May 17, 2009
Effects of credit insurance withdraw on retail industry
Below is a discussion on Linkedin between Igor Zax (Tenzor Ltd.) and Tony Heywood (Gilcrest Services Ltd) on effect of credit insurance withdraw and latest government support initiatives on retail industry.
Withdrawal of credit insurance has a devastating effect on the fashion retail industry and is holding back recovery. Has anyone yet received or requested help under the Budget insurance scheme yet?
Just a small note- to the best of my knowledge the particular scheme is only covering reduction of cover through providing top up, not complete withdraw. My guess is most of the cases you refer to the cover is completely withdrawned, so the scheme would not help…

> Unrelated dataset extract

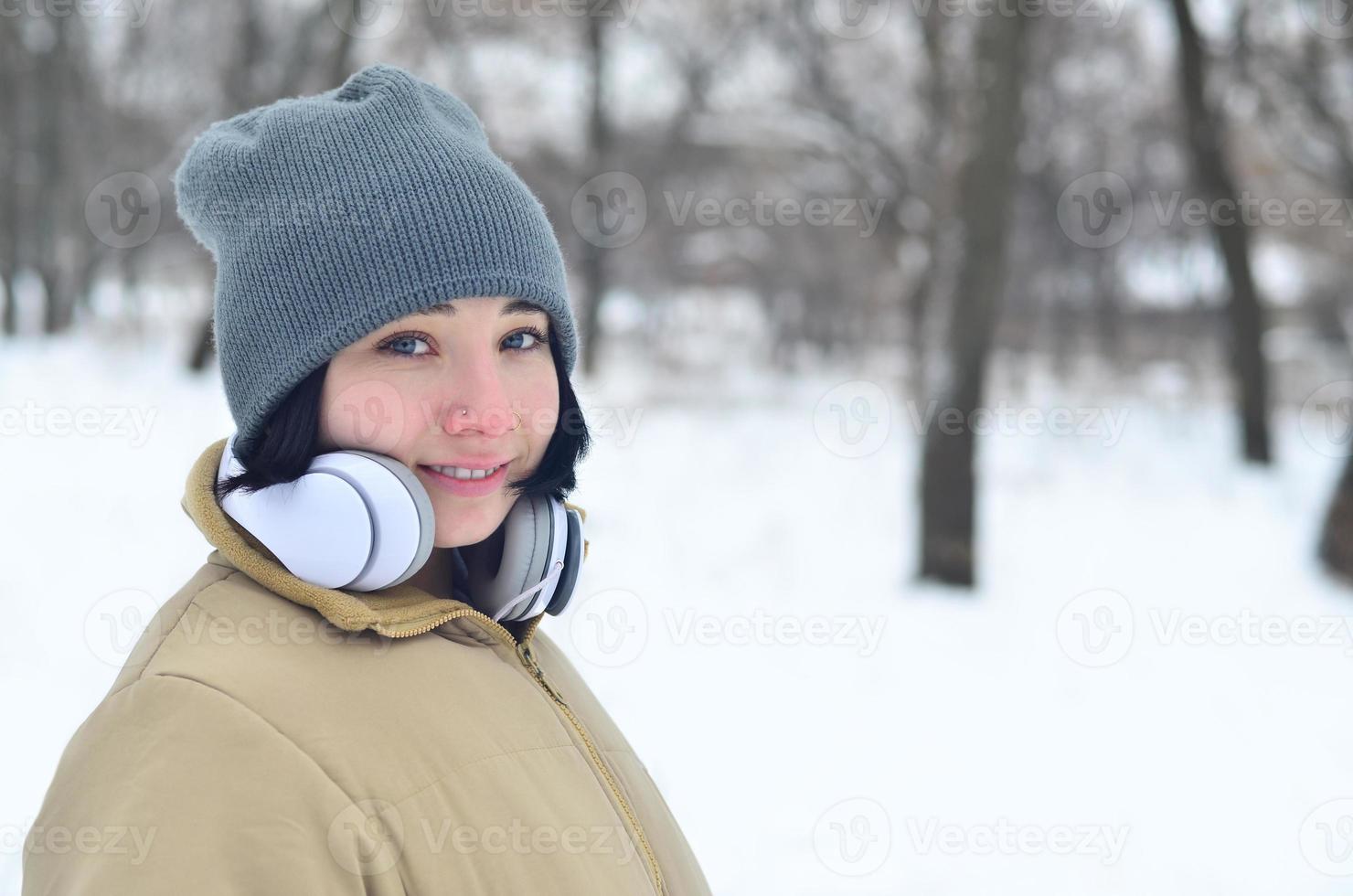 winter portret van jong meisje met hoofdtelefoons foto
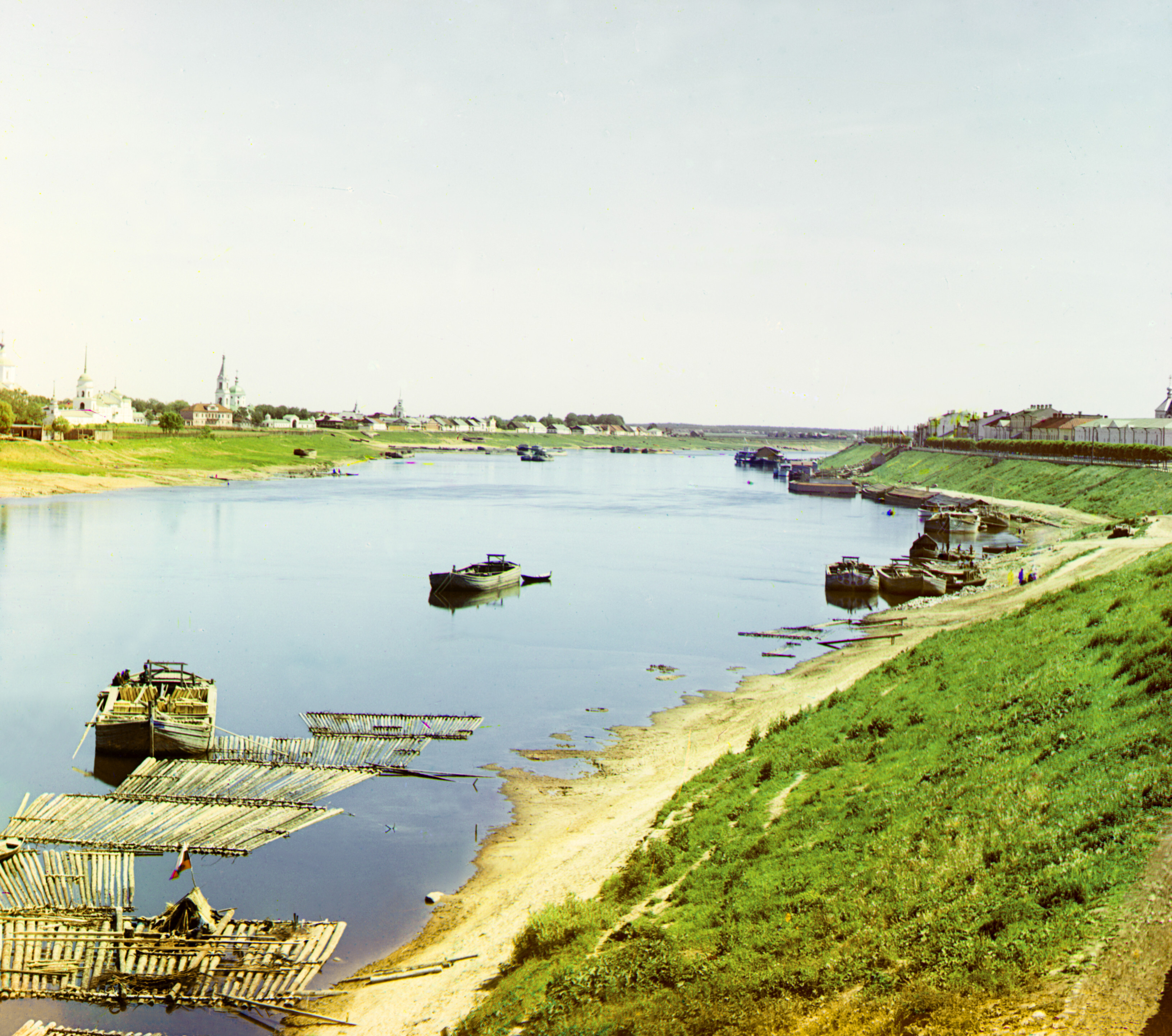 Тверь. Слева Отрочский монастырь, Екатерининская церковь, церковь свв. Мина, Виктор и Винсент. Справа церковь Рождества Христова в Рыбаках, 1910, фотограф Сергей Прокудин-Горский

You are correct – it only covers reduction after 1st April and then only tops up to a max of the existing cover. So if cover is reduced to 30% it will only bring it up to 60%.

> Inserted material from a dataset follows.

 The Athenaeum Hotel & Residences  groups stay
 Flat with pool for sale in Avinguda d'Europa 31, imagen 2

My feeling is, that it is likely to be of little help to the industry and is another Government initiative which is big on headlines but of little actual help.
I was hoping that I may be wrong but the lack of replies from here and other requests re-enforces my belief.
A little more about it in my blog
I guess one shall question the relevancy of the scheme for your sector. Firstly, it is for sellers based in UK- so unless the retailer buys from UK company (manufacturer if these still exist or distributor) it is not relevant at all.
Secondly, it only applies to whole turnover policy. What it is likely to mean is that there may be an incentive for insurer to actually reduce the cover, as they are still being paid on all sales, get less exposure and plus might charge a commission for administrating government policy on top of the 2% cost. This may also substantially increase cost to supplier, that is likely to be passed to retailer.
Could not agree more with the point in your blog about importance of communication with insurers. This would focus on three areas- complete and timely information (obvious point), getting the right interpretation (often the underwriter do not understand enough about the industry or company specific factors) and getting to the right level (somebody who can make an exception to general mechanical approach based on additional facts). Two latter points require a lot of credibility that one needs to build.
Lastly, do not assume supplier cannot take uninsured risk. Unless the insurance is tight to their own financing (such as invoice discounting or factoring), there is no reason they cannot take uninsured risk. The credit controller may think they cannot- CEO might have a different view if you are a very important customer AND you can provide reasonable comfort that you will be able to pay.